Segment Start: Given data
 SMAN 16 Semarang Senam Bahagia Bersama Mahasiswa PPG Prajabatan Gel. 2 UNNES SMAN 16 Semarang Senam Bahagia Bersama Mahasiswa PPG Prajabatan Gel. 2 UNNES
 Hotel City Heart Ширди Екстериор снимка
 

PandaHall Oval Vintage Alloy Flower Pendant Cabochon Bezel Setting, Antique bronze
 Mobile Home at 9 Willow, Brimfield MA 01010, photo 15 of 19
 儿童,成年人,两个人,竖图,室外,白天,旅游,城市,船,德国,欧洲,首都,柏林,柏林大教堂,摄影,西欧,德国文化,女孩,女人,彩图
Segment End: Given data
Segment Start: Given data
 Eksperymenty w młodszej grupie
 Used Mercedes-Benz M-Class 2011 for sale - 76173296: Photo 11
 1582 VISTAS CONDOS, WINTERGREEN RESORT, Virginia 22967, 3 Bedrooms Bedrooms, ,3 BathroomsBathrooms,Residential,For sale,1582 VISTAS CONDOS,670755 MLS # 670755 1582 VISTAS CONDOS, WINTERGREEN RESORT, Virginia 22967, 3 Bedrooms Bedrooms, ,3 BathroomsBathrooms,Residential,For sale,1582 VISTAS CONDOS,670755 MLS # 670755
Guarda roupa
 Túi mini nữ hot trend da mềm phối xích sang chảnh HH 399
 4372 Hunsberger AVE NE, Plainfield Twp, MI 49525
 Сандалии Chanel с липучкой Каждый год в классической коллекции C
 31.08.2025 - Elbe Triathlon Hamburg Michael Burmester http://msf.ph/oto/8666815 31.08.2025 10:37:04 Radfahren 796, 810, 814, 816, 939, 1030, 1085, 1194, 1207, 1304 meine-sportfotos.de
Segment End: Given data
Segment Start: Given data
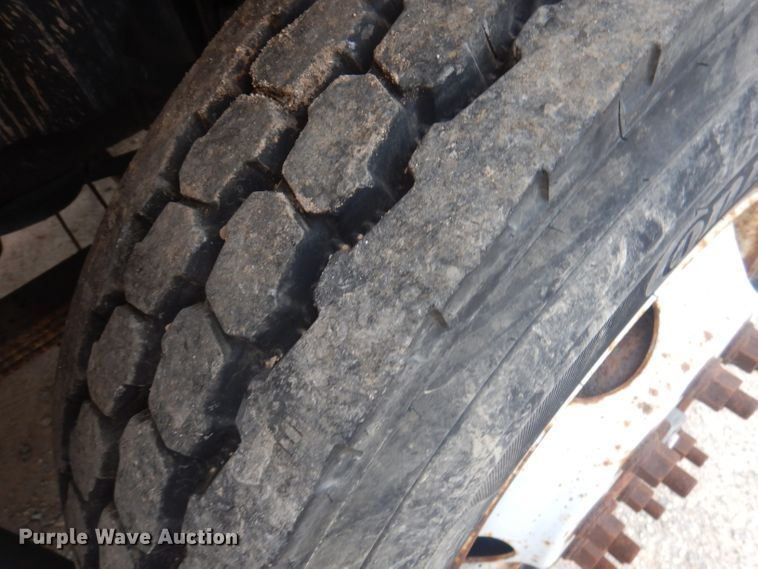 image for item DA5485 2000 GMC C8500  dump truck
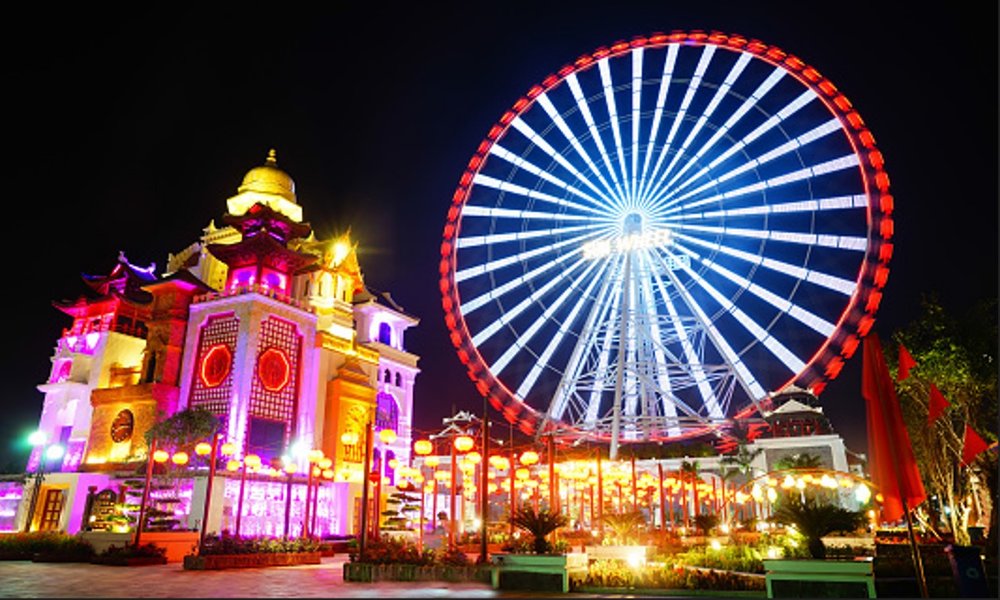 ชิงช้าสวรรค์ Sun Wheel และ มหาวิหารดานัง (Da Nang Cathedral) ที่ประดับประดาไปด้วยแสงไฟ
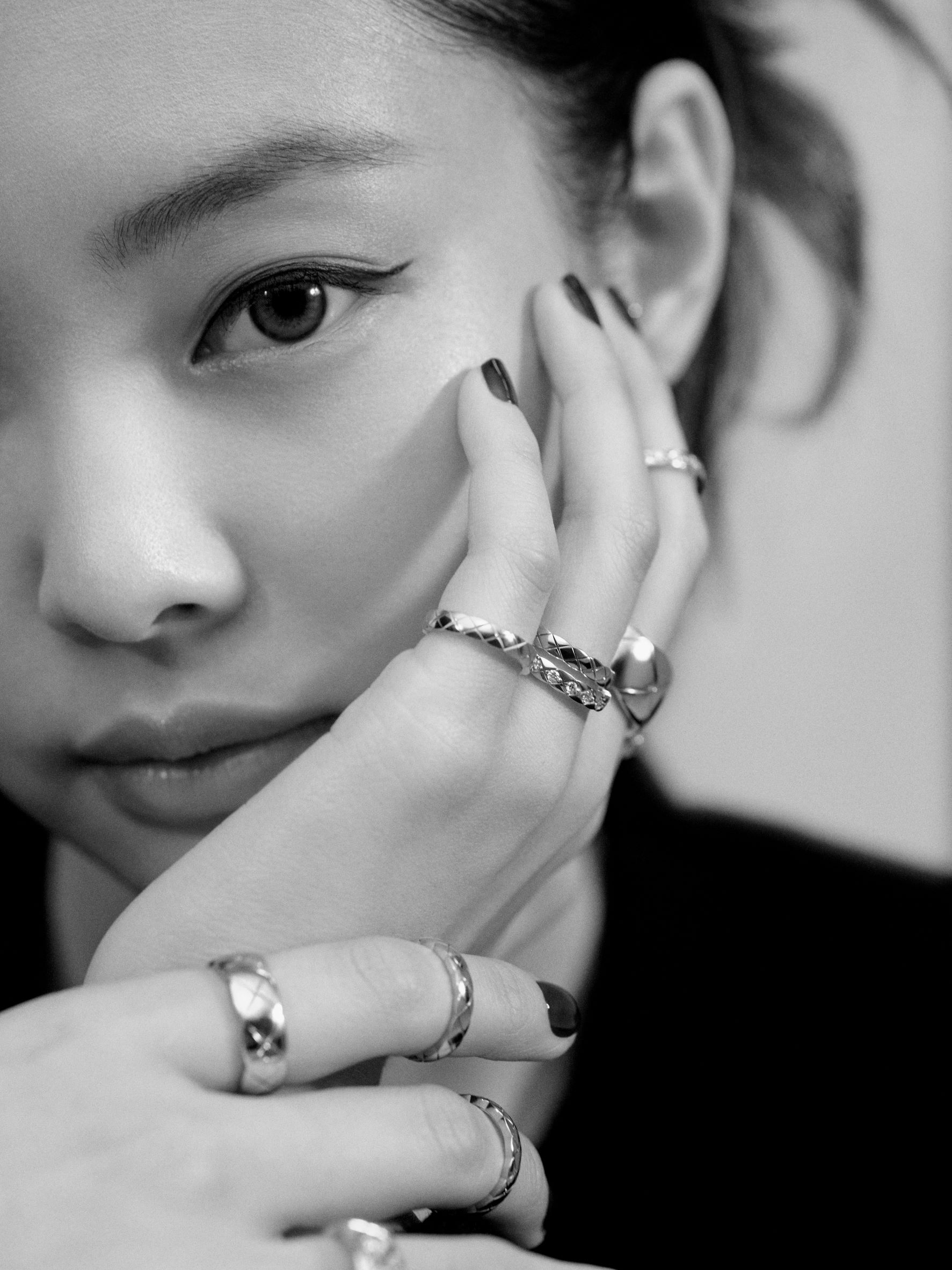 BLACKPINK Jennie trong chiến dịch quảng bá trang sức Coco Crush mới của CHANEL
Segment End: Given data
◆ Work task
Exactly the lines above from the one with "Сандалии Chanel с" to the one with "31.08.2025 - Elbe", both included, are to be quoted; leave the rest out.

◆ Your response
 Сандалии Chanel с липучкой Каждый год в классической коллекции C
 31.08.2025 - Elbe Triathlon Hamburg Michael Burmester http://msf.ph/oto/8666815 31.08.2025 10:37:04 Radfahren 796, 810, 814, 816, 939, 1030, 1085, 1194, 1207, 1304 meine-sportfotos.de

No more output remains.